How to do The Revolved Head to Knee Pose
- Sit on your yoga mat with your legs extended out in front of you. Keep your arms by your sides. This starting position is the Staff Pose (Dandasana).
- Bent your left knee and rotate your leg out to your side. Place the sole of your left foot against your inner thigh.
- Rotate your right leg out to the other side, keeping your leg straight and fully extended.
- Inhale and raise your arms above your head. Stretch up to lengthen your spine.
- As you exhale, lean your torso to the right and fold over your straight right leg.
- Reach over with both arms and hold onto your right foot. You lower arm should be bent at the elbow, but try to keep your upper arm slightly rounded all the way through.
- Keep your gaze forwards, with your head slightly tilted to accommodate the reach of your arm.
- Hold for 5-10 breaths.
- Inhale, and lift your torso back to the upright position, and return to the Staff Pose (Dandasana).

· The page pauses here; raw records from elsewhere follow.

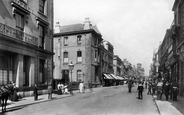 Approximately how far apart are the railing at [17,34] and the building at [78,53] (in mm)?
19486

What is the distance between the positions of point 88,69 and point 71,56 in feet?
16.6

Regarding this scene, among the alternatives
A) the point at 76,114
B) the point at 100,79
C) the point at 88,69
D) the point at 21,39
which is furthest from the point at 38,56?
the point at 100,79

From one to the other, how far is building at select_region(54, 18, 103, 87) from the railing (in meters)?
19.5

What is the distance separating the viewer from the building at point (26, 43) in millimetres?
16297

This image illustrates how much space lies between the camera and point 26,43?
60.9 feet

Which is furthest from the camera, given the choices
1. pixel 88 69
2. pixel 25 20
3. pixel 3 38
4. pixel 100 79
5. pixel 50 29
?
pixel 100 79

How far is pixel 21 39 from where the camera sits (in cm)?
1809

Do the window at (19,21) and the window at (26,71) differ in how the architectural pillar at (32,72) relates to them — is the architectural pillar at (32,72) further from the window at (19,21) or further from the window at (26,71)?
the window at (19,21)

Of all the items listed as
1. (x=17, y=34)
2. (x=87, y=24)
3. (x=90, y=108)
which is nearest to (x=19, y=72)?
(x=17, y=34)

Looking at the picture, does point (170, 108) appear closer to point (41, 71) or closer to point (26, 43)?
point (26, 43)

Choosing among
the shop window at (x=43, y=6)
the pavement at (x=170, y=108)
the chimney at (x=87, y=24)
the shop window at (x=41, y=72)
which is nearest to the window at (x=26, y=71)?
the shop window at (x=41, y=72)

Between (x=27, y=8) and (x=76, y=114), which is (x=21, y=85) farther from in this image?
(x=76, y=114)

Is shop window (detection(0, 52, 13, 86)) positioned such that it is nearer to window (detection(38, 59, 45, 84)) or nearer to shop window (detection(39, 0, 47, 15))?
window (detection(38, 59, 45, 84))

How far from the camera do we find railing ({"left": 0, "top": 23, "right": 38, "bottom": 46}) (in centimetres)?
1568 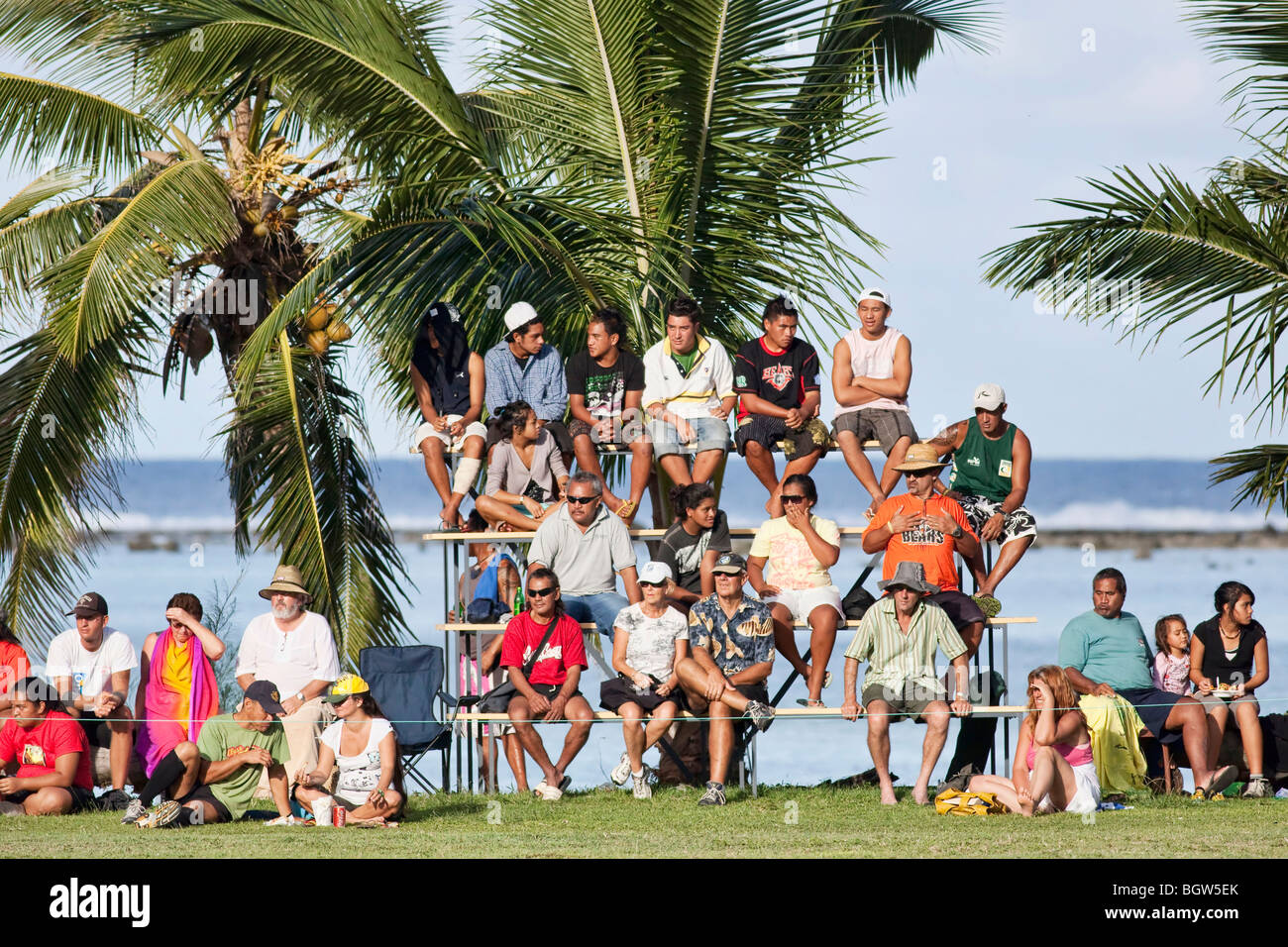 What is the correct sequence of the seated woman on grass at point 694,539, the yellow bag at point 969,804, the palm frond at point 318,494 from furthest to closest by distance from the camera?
the palm frond at point 318,494
the seated woman on grass at point 694,539
the yellow bag at point 969,804

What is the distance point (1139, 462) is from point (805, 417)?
211ft

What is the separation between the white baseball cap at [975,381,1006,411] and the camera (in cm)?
1113

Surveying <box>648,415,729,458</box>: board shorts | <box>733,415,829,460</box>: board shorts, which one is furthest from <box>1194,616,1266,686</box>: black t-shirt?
<box>648,415,729,458</box>: board shorts

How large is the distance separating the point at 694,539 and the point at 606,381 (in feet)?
4.83

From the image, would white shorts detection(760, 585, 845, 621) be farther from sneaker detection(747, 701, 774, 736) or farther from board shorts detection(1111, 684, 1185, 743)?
board shorts detection(1111, 684, 1185, 743)

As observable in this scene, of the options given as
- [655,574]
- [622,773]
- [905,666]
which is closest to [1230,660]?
[905,666]

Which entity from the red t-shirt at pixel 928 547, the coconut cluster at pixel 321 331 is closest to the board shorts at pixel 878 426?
the red t-shirt at pixel 928 547

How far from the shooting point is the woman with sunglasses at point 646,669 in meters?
9.98

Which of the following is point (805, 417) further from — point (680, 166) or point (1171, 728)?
point (1171, 728)

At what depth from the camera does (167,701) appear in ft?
33.3

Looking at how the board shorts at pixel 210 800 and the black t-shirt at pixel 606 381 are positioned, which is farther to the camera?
the black t-shirt at pixel 606 381

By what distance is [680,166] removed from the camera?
1238 centimetres

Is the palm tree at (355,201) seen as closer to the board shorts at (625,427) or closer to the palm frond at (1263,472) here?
the board shorts at (625,427)

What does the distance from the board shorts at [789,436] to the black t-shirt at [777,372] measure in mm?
149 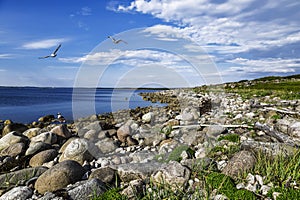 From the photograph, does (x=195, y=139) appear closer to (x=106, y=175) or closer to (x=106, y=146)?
(x=106, y=146)

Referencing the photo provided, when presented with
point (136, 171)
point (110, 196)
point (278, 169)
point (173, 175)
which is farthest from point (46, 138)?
point (278, 169)

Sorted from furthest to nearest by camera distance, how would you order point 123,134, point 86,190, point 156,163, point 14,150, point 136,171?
point 123,134 < point 14,150 < point 156,163 < point 136,171 < point 86,190

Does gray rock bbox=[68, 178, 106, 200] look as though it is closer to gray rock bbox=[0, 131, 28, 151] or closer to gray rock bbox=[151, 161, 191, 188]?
gray rock bbox=[151, 161, 191, 188]

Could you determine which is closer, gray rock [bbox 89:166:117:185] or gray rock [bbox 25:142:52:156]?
gray rock [bbox 89:166:117:185]

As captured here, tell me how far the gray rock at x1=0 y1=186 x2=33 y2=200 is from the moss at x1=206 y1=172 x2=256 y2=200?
11.6ft

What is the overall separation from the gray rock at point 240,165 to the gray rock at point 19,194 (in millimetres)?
3952

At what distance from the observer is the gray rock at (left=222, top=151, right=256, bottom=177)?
4566mm

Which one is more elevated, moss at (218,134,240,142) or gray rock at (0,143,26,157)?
moss at (218,134,240,142)

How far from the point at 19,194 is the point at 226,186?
13.0 feet

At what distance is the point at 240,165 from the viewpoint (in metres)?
4.65

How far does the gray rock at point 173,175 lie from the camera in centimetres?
453

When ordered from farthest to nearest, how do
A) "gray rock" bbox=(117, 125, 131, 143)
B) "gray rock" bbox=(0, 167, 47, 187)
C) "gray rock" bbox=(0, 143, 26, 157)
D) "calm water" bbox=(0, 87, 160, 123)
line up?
"calm water" bbox=(0, 87, 160, 123) < "gray rock" bbox=(117, 125, 131, 143) < "gray rock" bbox=(0, 143, 26, 157) < "gray rock" bbox=(0, 167, 47, 187)

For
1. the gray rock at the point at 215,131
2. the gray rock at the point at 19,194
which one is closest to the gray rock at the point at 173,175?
the gray rock at the point at 19,194

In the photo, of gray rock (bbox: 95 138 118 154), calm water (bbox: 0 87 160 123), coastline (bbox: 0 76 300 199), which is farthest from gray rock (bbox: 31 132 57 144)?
calm water (bbox: 0 87 160 123) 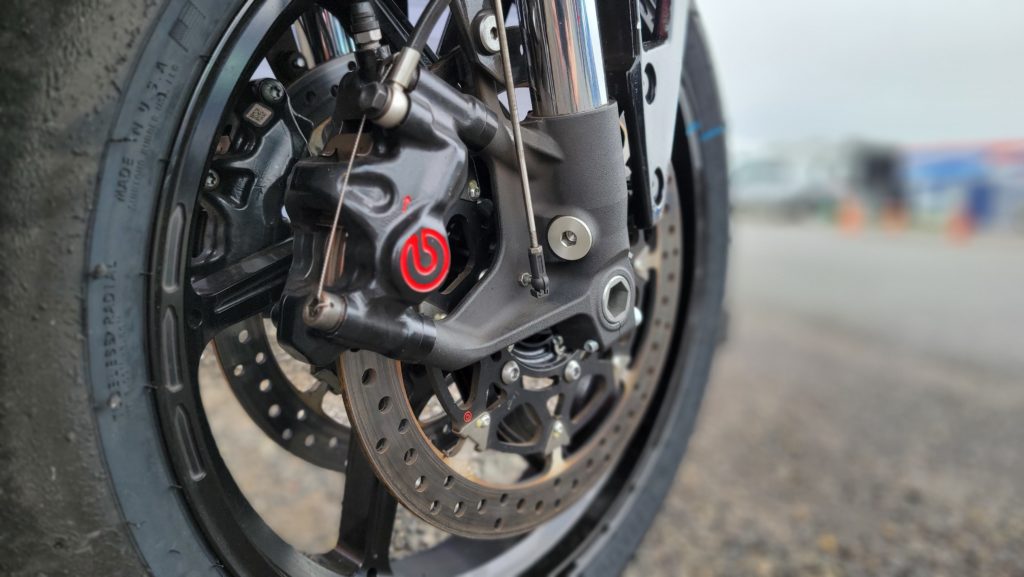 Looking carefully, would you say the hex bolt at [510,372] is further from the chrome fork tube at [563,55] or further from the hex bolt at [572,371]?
the chrome fork tube at [563,55]

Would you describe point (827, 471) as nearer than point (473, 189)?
No

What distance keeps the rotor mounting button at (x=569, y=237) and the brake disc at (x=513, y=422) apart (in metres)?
0.13

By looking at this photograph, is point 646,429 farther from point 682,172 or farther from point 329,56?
point 329,56

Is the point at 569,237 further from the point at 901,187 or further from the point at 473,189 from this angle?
the point at 901,187

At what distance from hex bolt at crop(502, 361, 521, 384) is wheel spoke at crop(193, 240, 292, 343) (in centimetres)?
26

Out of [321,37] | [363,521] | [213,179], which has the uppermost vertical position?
[321,37]

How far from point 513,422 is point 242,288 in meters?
0.38

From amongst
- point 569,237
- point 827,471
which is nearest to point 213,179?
point 569,237

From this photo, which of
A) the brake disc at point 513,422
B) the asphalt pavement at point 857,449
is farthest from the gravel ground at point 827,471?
the brake disc at point 513,422

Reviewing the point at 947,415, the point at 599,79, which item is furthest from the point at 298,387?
the point at 947,415

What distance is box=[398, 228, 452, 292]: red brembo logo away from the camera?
709mm

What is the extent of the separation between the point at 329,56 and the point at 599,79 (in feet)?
1.02

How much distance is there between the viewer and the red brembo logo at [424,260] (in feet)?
2.33

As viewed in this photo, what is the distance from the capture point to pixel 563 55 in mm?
841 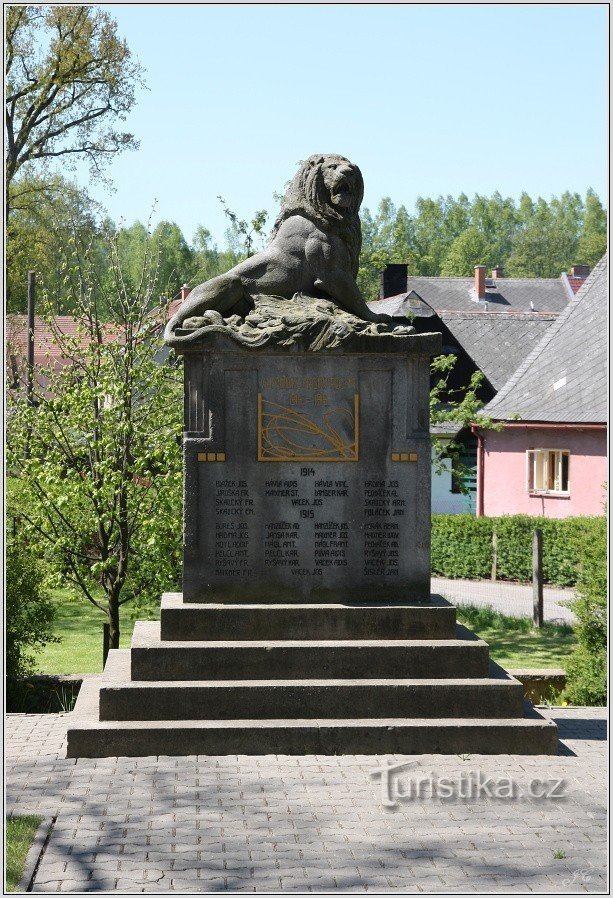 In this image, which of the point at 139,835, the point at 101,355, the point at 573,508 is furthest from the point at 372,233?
the point at 139,835

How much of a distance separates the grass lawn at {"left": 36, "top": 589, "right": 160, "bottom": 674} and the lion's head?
204 inches

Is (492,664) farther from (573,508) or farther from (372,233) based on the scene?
(372,233)

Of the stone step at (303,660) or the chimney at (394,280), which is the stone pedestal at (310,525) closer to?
the stone step at (303,660)

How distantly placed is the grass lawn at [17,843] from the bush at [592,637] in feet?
19.3

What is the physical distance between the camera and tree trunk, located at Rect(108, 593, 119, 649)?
12.6m

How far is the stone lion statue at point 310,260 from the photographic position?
31.3 feet

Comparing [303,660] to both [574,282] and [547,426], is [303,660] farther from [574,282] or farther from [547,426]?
[574,282]

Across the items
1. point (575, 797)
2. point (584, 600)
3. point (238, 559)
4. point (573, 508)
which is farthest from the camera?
point (573, 508)

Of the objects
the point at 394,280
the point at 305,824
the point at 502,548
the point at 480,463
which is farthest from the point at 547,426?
the point at 305,824

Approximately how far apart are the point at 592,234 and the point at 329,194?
99.7m

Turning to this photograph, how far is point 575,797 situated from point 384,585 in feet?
7.89

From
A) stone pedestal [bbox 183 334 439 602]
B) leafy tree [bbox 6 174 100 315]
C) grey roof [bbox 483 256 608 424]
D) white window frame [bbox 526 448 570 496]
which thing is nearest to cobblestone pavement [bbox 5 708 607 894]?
stone pedestal [bbox 183 334 439 602]

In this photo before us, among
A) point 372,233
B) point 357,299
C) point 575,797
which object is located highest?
point 372,233

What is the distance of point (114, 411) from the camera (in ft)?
41.5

- Now repeat for your other side.
- For extra support: If you find it hard to reach your feet, use a yoga strap around your foot and hold onto that.
- Easier variation: Rather than reaching for your foot of your extended leg, simply reach as far as you can. You can keep your upper arm extended above your head or simply bend your elbow and place your hand on your upper thigh or knee.
- More challenging: Instead of keeping your bent leg tucked into your thigh, open up your hip and extend your leg out to the other side. This will increase the stretch in your hip and inner thighs, but will command greater skills of balance.
- Warm up with some prep poses before attempting Revolved Head to Knee Pose. Since this pose involves a twist, hip opener and hamstring stretch, try some simpler poses that get your warmed up in each area.
- Use your breath to position yourself into the pose. Inhale as you lengthen your spine and exhale as your lead into the pose.
- Bound Angle Pose (Baddha Konasana) – Bound Angle Pose is a yoga pose that opening your hips and stretches your inner thighs, making it a great grep pose for The Revolved Head to Knee Pose.
- Wide-Angled Seated Forward Bend (Upavistha Konasana) – Another great hip opener, this pose also has a bending action that encourages you to stretch and maintain a long spine. This can help prepare you for the more complex Revolved Head to Knee Pose.
- Reclining Big Toe Pose (Supta Padangusthasana) – This pose is performed laying down and involves you raising one leg up into the air, and reaching to it with your arm. It’s a great exercise to stretch and warm up your hamstrings ahead of more advanced poses.
- Intense Side Stretch Pose (Parsvottanasana) – This is an advanced yoga pose that is performed standing. It stretches your hamstrings, quads, glutes, hip and spine.